According to the finding, the city "finds and declares that the illegal manufacture, distribution, possession, and administration of drugs and other unlawful drug-related activities in public and private open spaces in the City of Annapolis is an evil of substantial and urgent proportions constituting a clear and present danger to the citizens of Annapolis."

Alderman Herbert H. McMillan, the Ward 5 Republican who drafted the "drug-loitering free zone" law, said he didn't know the finding was needed, but added that "most ordinances aren't challenged in the court."

"It would help to strengthen the record as it's reviewed by the court," McMillan said.

The anti-loitering law was narrowly passed in October and amended in March. It allows police officers to approach - and move along - people they suspect of dealing drugs, as well as anyone known as a drug user and subject to a court order prohibiting his or her presence in an area designated as a "drug-loitering free zone."

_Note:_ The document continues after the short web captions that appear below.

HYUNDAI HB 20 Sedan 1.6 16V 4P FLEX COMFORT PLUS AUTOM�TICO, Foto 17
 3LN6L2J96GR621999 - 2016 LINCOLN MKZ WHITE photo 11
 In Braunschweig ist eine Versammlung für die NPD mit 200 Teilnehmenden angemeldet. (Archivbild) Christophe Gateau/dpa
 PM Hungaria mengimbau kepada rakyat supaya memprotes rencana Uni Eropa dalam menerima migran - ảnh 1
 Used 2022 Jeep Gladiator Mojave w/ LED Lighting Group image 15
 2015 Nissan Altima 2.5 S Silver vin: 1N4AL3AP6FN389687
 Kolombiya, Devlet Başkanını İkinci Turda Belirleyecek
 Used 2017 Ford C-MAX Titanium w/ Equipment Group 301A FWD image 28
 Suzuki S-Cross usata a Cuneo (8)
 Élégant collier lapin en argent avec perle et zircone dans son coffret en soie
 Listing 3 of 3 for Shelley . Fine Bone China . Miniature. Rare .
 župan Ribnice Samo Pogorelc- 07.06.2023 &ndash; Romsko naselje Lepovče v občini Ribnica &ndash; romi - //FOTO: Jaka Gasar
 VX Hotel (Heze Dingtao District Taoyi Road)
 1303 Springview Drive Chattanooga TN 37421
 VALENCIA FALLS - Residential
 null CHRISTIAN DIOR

To qualify for the renewable, two-year designation, neighborhoods must meet certain criteria, including being the site of three or more drug-related arrests in a 24-month period.

Four communities have received the designation, and the council is considering requests from four others. The city is waiting for the outcome of the lawsuit before beginning enforcement of the law.

Many in the African-American community have protested the ordinance, saying it unfairly targets them. The majority of the neighborhoods that have applied for the designation are predominantly African-American.

The ACLU filed a lawsuit on behalf the National Association for the Advancement of Colored People and three Annapolis residents in Anne Arundel Circuit Court on Feb. 14, shortly after the council approved the first designation to Newtowne Twenty.

The case was later moved to U.S. District Court.

In response, the Annapolis council amended the law in March to clarify its terms, and narrowed its application to known drug offenders who are under court order to stay away from designated areas. The ACLU, in turn, amended its lawsuit to reflect the changes.

Last month, the city filed motions asking to have to the case dismissed or the local chapter of the NAACP removed as plaintiff, claiming that the lawsuit does not make any claim of racial discrimination. The ACLU is preparing a response.

Alderman Sheila M. Tolliver voted against adopting the finding because there are other laws that outlaw drug activity.

"It says we have a drug problem, and I agree, but it says the only way to solve it is with the loitering law," said the Ward 2 Democrat.